Hierarchy
- Language family:: Pama–Nyungan
- Language branch:: Wiradhuric
- Language group:: Gamilaraay;; Bigambul;
- Group dialects:: Gambuwal;; Kwiambal / Gujambal;

Area (approx. 26,500 sq. km)
- Bioregion:: Northern Tablelands and Border Rivers
- Location:: New South Wales – Queensland border
- Coordinates:: 28°10′S 150°10′E﻿ / ﻿28.167°S 150.167°E
- Rivers: Weir River;; Moonie River;; Macintyre River;; Middle Creek;
- Other geological:: Boobera Lagoon; Kwiambal National Park;

Notable individuals
- Chris Sandow

= Bigambul =

Aboriginal Australian ethnic group

The Bigambul people are an Aboriginal Australian people of the Northern Tablelands and Border Rivers regions of New South Wales and Queensland.

==Name==
In the traditional language, the name of this group is derived from the Bigambul word biga or pika which translates in English to yes.
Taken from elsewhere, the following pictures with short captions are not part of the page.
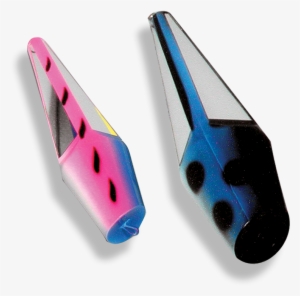 Play Action Mbp-7 Mirrored Bowling Pin Teasers Tuna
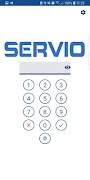 Servio Delivery 海報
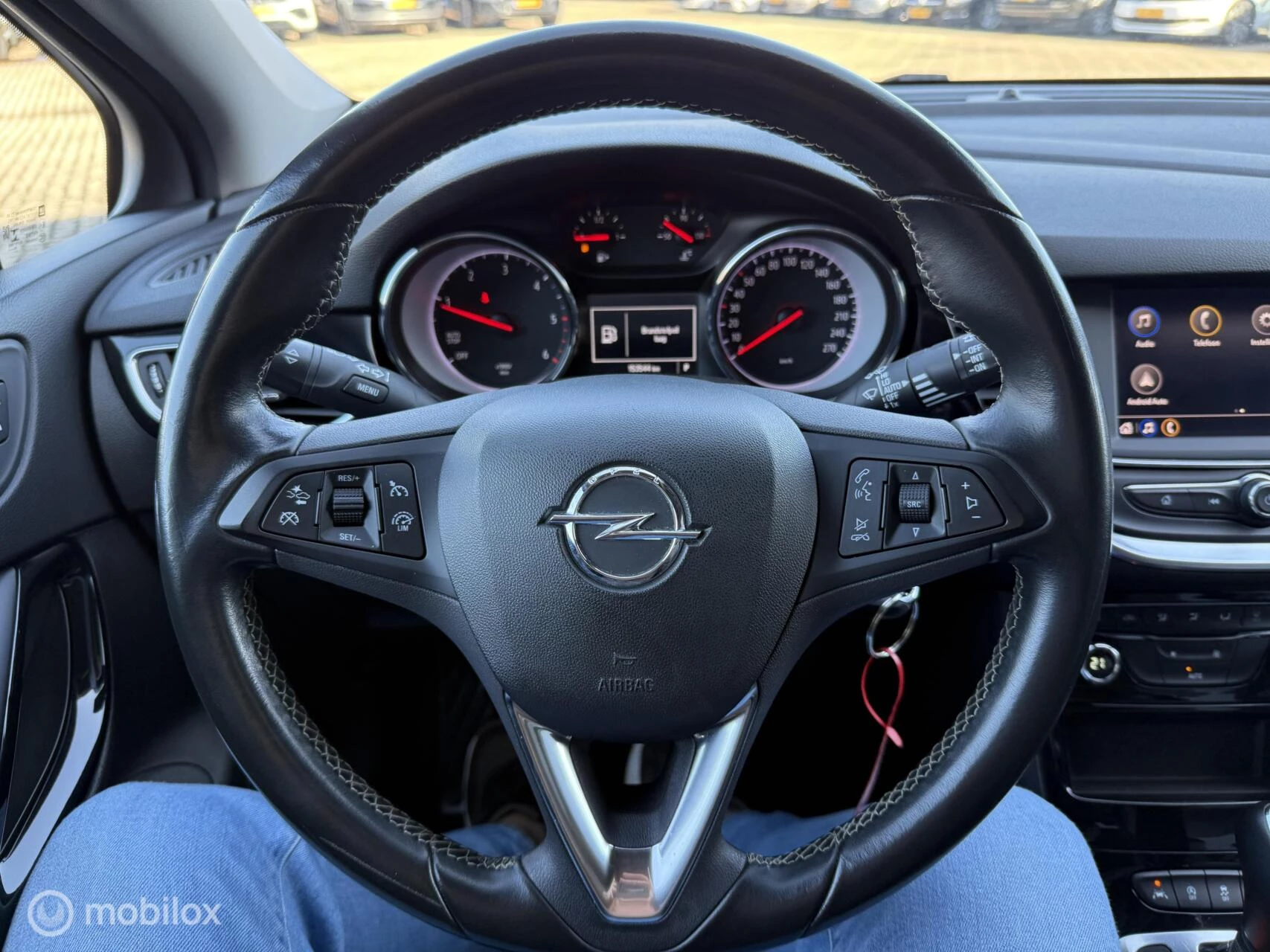 Hoofdafbeelding Opel Astra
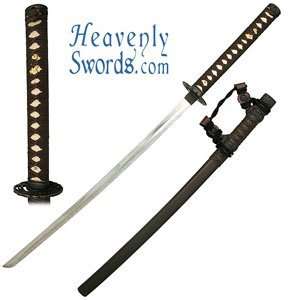  Traditional Samurai Sword
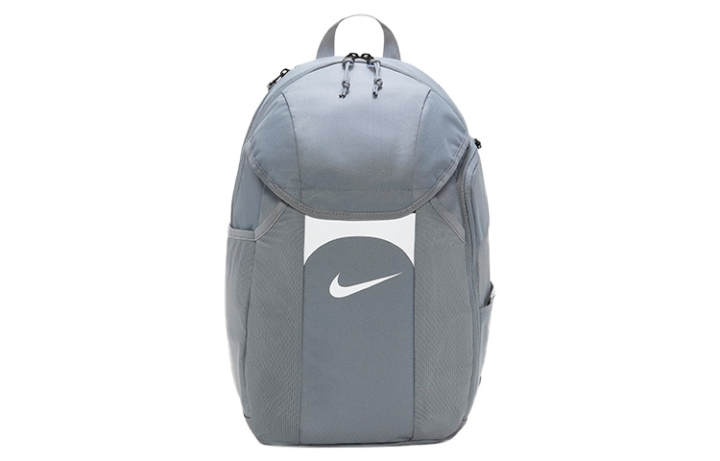 Nike Nike Polyester Backpack Regular Unisex Gray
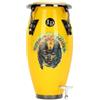 Latin Percussion LP Latin Percussion Conga Santana Mini accordabile Africa Speaks 11 LPM197-SAS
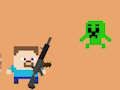 Jeu Chasseur Steve  en ligne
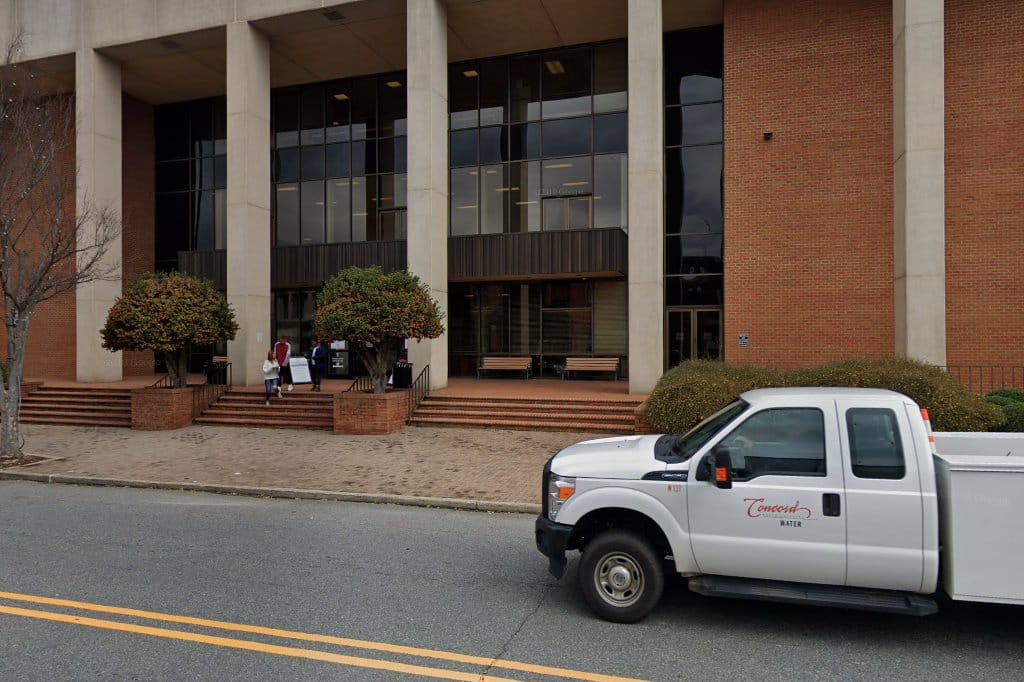 Cabarrus County Court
The Bigambul are bounded to the south–east by the Ngarabal, the Kamilaroi to the south, the Kooma to the west, the Mandandanji and Kabi to the north, and the Baruŋgam to the north–east.

==Country==
Norman Tindale ascribed to the Bigambul a traditional territory spreading over 26500 km2 east of Nindigully, on the Weir and Moonie rivers, north to Tara; at Talwood; on the Macintyre River from east of Boomi to Texas; at Yetman, Boggabilla, and at Middle Creek.

==Alternate names==

- Bigabul
- Pikambul
- Bigambal
- Bigambel
- Bee-gum-bul
- Bigumble
- Pikumbul,'Pikumpal, Pikambal
- Pikum-bul, Pickum-bul, Pickimbul
- Pickumble, Picumbul, Pikumbil
- Begumble
- Peekumble
- Pickumbil
- Picumbill
- Preagalgh
- Wigal-wollumbul
- Wee-n' gul-la-m' bul

Source: Tindale 1974

==Clans==
The Bigambul have a cultural connection with the northern Kamilaroi people and these people regularly participated in joint ceremonies at Boobera Lagoon.

==Language==
The Australian Institute for Aboriginal and Torres Strait Islander Studies states that the Bigambul language was used by the Bigambul people, with Gambuwal and Kwiambal (or Gujambal) known dialects.
However, it is more likely that the Gamilaraay (or Yuwaaliyaay) language was used by those peoples living in southern Bigambul territory.

==History of contact==
The Bigambul people actively opposed European colonisation of their territory. From the early 1840s they mounted a 14–year guerrilla campaign to expel the settlers. The Bigambul leadership understood the importance of economics in warfare and they specifically targeted horses and cattle rather than just the settlers themselves. The campaign was initially successful with 17 selections being abandoned in Macintyre region in 1843, of which only 13 were re-occupied when Europeans returned 3 years later. The economic war was so successful that it is recorded that one selection was making a loss of £150 per year until 1849. The tide of the campaign turned in 1848 when the Governor set aside £1000 to form the Native Police and appointed Frederick Walker to command them. Walker took the battle to the Bigambul, attacking them in their camps with his stated objective being their annihilation. By 1851 the economic war was effectively over, land values in the area doubled and the wages paid by settlers to employees were halved. Most of the work done on selections in the area was performed by Aborigines in return for food rations. By 1854 only 100 of the Bigambul people were left alive.

==Native title==
On 23 February 2001 the Bigambul people lodged a successful native title claim over 24188 km2 in South Western Queensland.